• _What is expected_
Lines to restate from the data below: from the one containing "Alt view image" to the one containing "Sonic Amateur Games", both included. Give them again exactly, and only them.
(Information supplied Opens)
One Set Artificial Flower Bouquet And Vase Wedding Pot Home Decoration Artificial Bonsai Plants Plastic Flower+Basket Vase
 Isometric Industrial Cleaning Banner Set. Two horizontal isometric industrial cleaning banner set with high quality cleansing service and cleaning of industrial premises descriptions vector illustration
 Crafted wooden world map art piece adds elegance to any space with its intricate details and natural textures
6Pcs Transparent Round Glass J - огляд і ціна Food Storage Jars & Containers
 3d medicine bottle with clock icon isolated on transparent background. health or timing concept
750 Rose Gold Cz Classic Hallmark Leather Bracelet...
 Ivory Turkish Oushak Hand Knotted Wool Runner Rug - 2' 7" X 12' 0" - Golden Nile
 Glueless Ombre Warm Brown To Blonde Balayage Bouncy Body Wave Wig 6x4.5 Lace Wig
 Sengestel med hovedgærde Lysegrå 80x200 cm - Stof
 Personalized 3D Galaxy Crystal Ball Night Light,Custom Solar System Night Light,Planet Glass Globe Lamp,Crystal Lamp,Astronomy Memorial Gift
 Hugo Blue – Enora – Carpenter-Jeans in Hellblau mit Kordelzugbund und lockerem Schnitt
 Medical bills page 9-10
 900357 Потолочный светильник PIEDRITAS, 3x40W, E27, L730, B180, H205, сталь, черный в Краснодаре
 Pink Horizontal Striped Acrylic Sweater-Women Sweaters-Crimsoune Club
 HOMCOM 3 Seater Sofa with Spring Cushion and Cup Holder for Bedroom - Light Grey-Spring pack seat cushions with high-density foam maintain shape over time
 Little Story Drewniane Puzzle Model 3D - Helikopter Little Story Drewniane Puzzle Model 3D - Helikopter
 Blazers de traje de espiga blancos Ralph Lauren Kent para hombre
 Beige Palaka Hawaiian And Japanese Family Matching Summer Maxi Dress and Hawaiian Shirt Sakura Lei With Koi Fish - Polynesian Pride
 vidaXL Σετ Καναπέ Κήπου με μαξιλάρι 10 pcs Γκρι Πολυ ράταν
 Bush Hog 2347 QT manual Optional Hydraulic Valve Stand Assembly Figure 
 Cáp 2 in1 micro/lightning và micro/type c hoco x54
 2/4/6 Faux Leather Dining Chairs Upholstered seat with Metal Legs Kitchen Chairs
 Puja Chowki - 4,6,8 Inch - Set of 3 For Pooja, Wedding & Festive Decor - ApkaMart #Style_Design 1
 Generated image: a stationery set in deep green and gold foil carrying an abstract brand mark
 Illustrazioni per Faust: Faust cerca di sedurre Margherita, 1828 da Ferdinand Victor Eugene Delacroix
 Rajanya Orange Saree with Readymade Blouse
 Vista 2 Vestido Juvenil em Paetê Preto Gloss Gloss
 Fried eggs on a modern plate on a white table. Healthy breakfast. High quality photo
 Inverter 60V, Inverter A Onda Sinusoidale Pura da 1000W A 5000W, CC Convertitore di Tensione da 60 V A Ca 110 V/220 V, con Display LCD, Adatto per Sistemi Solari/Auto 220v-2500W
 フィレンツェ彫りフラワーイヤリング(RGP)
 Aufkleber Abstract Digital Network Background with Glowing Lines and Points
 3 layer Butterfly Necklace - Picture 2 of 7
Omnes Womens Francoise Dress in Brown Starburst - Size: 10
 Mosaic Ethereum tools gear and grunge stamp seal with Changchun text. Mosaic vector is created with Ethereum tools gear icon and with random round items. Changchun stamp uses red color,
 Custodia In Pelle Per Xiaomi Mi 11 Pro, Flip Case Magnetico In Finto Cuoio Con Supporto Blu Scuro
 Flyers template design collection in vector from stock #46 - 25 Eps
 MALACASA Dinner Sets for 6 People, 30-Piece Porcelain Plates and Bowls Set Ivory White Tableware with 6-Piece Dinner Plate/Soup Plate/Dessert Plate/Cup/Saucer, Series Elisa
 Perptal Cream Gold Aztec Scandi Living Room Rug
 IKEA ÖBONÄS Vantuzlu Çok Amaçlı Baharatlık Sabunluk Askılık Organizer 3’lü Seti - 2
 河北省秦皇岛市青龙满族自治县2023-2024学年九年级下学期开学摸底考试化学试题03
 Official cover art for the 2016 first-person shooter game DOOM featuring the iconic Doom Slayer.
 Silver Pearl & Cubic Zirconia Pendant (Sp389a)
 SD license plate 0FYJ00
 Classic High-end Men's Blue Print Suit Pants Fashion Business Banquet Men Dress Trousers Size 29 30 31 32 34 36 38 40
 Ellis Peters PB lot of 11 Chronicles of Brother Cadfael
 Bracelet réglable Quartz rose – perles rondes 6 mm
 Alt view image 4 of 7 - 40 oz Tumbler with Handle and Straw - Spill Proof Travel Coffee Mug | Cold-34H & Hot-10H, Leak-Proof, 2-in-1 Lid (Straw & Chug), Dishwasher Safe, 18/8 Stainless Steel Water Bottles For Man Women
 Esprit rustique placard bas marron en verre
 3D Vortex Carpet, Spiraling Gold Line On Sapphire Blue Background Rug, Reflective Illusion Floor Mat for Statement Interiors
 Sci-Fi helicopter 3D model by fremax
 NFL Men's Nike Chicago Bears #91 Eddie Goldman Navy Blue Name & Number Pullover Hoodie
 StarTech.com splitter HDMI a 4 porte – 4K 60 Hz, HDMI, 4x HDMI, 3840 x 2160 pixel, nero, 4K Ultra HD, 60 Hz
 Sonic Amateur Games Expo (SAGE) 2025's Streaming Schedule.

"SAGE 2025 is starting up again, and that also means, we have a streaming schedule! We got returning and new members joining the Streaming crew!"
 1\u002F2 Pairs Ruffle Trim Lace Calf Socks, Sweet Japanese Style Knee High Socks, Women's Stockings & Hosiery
(Information supplied Closes)
• _Exercise solution_
 Alt view image 4 of 7 - 40 oz Tumbler with Handle and Straw - Spill Proof Travel Coffee Mug | Cold-34H & Hot-10H, Leak-Proof, 2-in-1 Lid (Straw & Chug), Dishwasher Safe, 18/8 Stainless Steel Water Bottles For Man Women
 Esprit rustique placard bas marron en verre
 3D Vortex Carpet, Spiraling Gold Line On Sapphire Blue Background Rug, Reflective Illusion Floor Mat for Statement Interiors
 Sci-Fi helicopter 3D model by fremax
 NFL Men's Nike Chicago Bears #91 Eddie Goldman Navy Blue Name & Number Pullover Hoodie
 StarTech.com splitter HDMI a 4 porte – 4K 60 Hz, HDMI, 4x HDMI, 3840 x 2160 pixel, nero, 4K Ultra HD, 60 Hz
 Sonic Amateur Games Expo (SAGE) 2025's Streaming Schedule.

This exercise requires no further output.